C’è poi la gestione delle code. Si va dai virtual queuing system come i "Disney’s FastPass" che monitorano in automatico i tempi di attesa ai sistemi più semplici, che prevedono sovraprezzi per saltare le file, una soluzione, secondo il professore, che un grande museo potrebbe pensare di introdurre. I parchi hanno inoltre maturità nel gestire i gruppi, differenziando i prezzi per i diversi segmenti di mercato. Infine hanno uno sviluppo del merchandising molto curato (basti pensare che tra l’8 e il 15% del fatturato dei parchi deriva dalla vendita di souvenir, ndr).

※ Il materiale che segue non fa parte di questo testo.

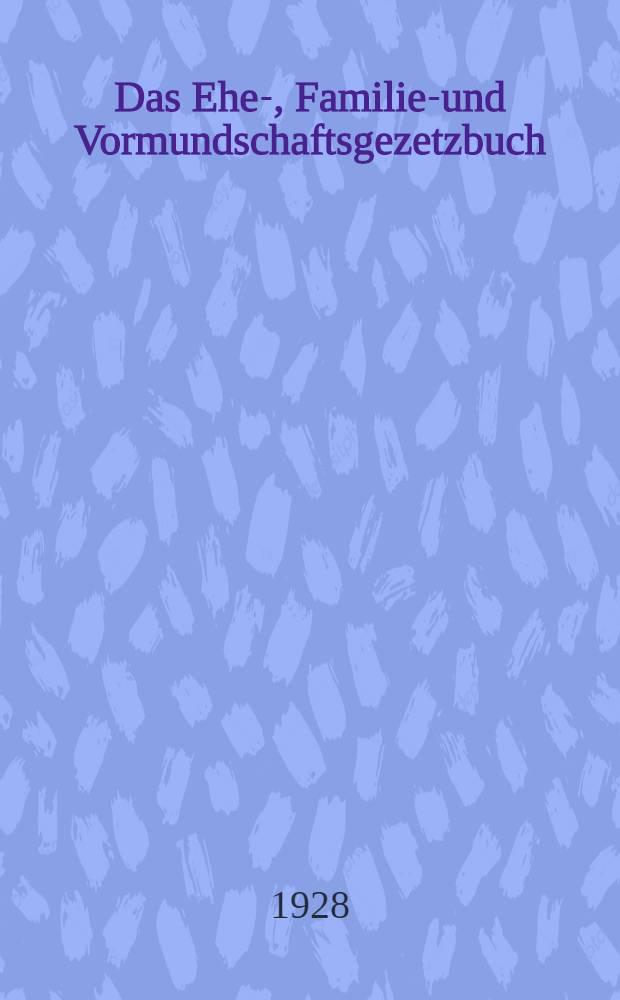 ... Das Ehe-, Familien- und Vormundschaftsgezetzbuch : Mit den Veränderungen, die bis zum 1. April 1927 stattfanden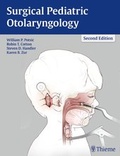 Cover: Surgical Pediatric Otolaryngology - Thieme Publishers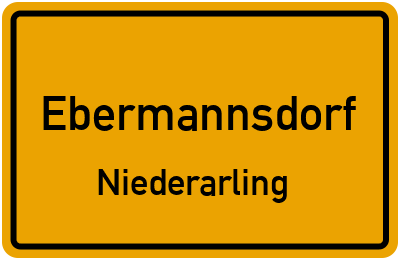 Ortsschild Ebermannsdorf Niederarling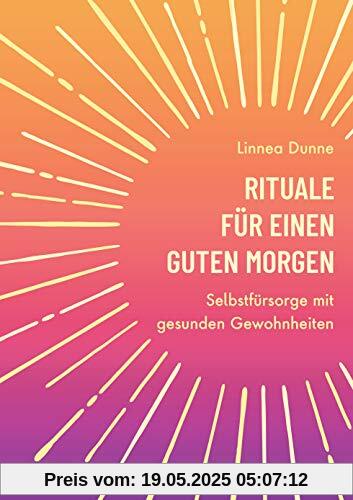 Rituale für einen guten Morgen: Selbstfürsorge mit gesunden Gewohnheiten - Mit Yoga, Meditation und einem gesundem Frühstück in einen erfolgreichen ... bis hin zu Journaling und leckeren Rezepten Rituale für einen guten Morgen: Selbstfürsorge mit gesunden Gewohnheiten - Mit Yoga, Meditation und einem gesundem Frühstück in einen erfolgreichen ... bis hin zu Journaling und leckeren Rezepten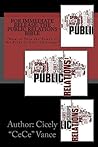 For Immediate Release: The Public Relations Bible
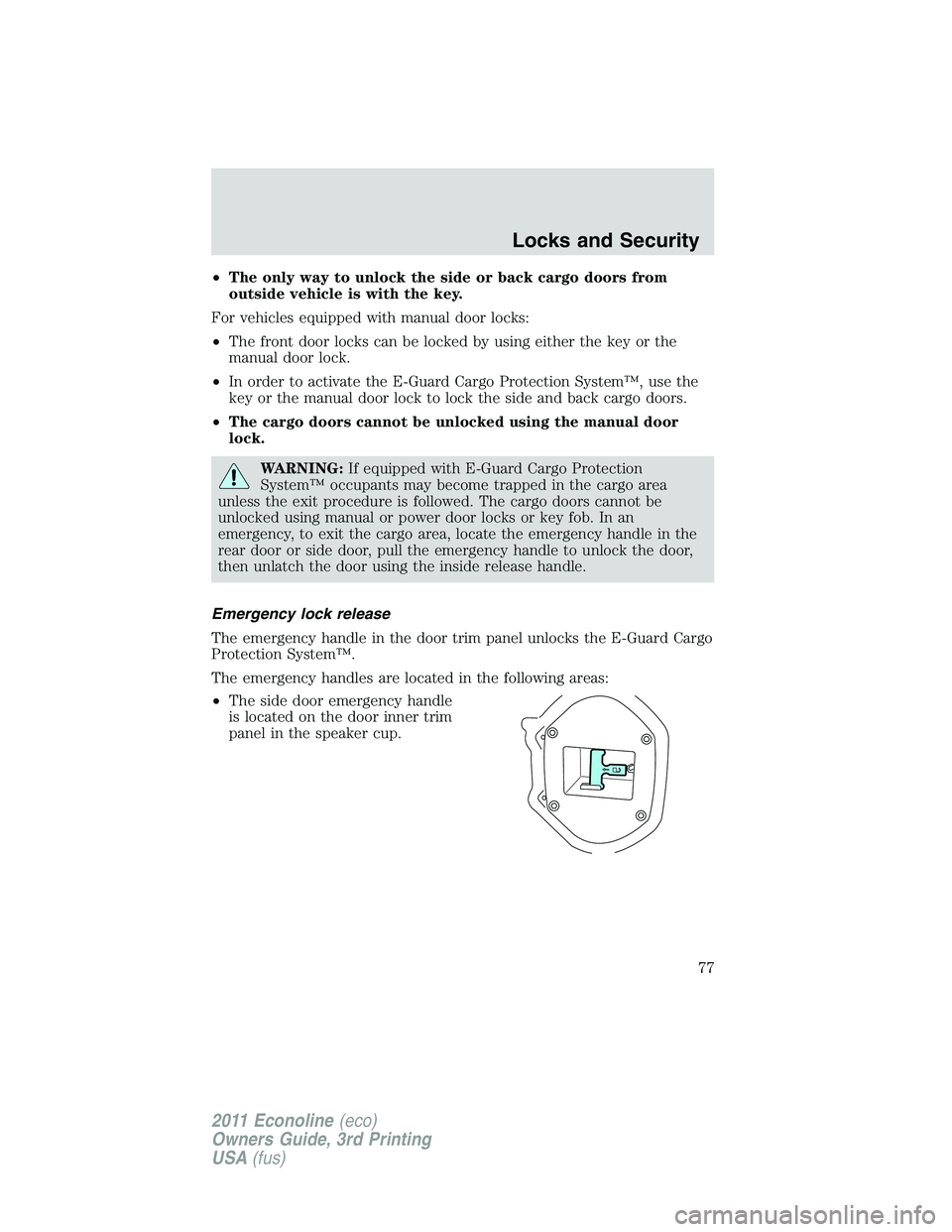 FORD E250 2011 Manual PDF •The only way to unlock the side or back cargo doors from
outside vehicle is with the key.
For vehicles equipped with manual door locks:
•The front door locks can be locked by using either the key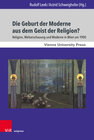 Buchcover Die Geburt der Moderne aus dem Geist der Religion?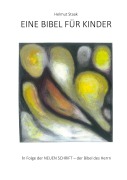 Cover-Bild zum Titel 'Eine Bibel für Kinder' von 'Helmut Staak'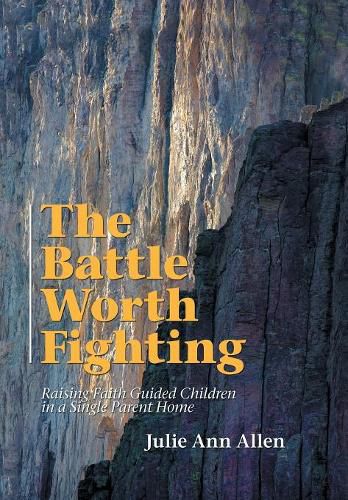 Cover image for The Battle Worth Fighting: Raising Faith Guided Children in a Single Parent Home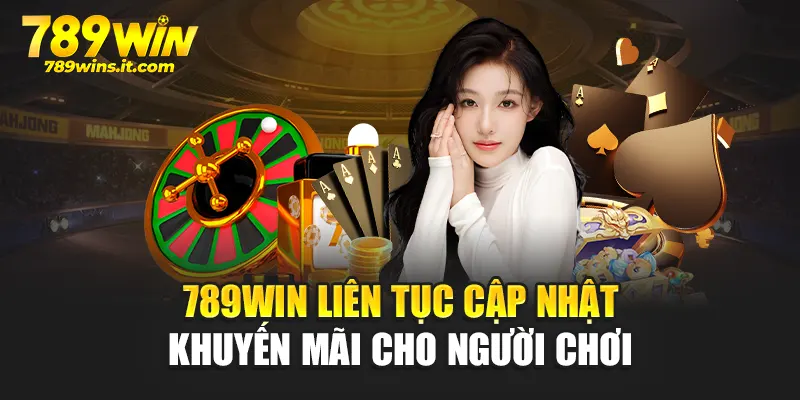 789WIN liên tục cập nhật khuyến mãi cho người chơi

Se sviluppare una mascotte è un percorso lungo e fuori dalla portata della maggior parte dei musei, questi, continua Guenzi, «dovrebbero uscire dalla logica di vendere solo prodotti “artistici” e allargare lo spettro dei prodotti, a seconda della storia che si vuole raccontare».
Esempi in questo senso, aggiunge, sono le magliette personalizzate o le foto scattate durante la visita, entrambi oggetti acquistati d’impulso. Sono dei classici dei parchi a tema che si potrebbero esportare, se non fosse, aggiunge il professore, che «la maggior parte dei musei non ha voglia di raccontare una storia che vada al di là dell’esposizione degli oggetti. La scusa è che non hanno strutture adeguate; il che è vero, ma penso c’entri più l’aspetto delle competenze gestionali, non sempre adeguate. C’è quella stessa chiusura che 20 anni fa si poteva vedere negli stadi, che oggi sono cambiati moltissimo e prevedono un prima e un dopo l’esperienza principale».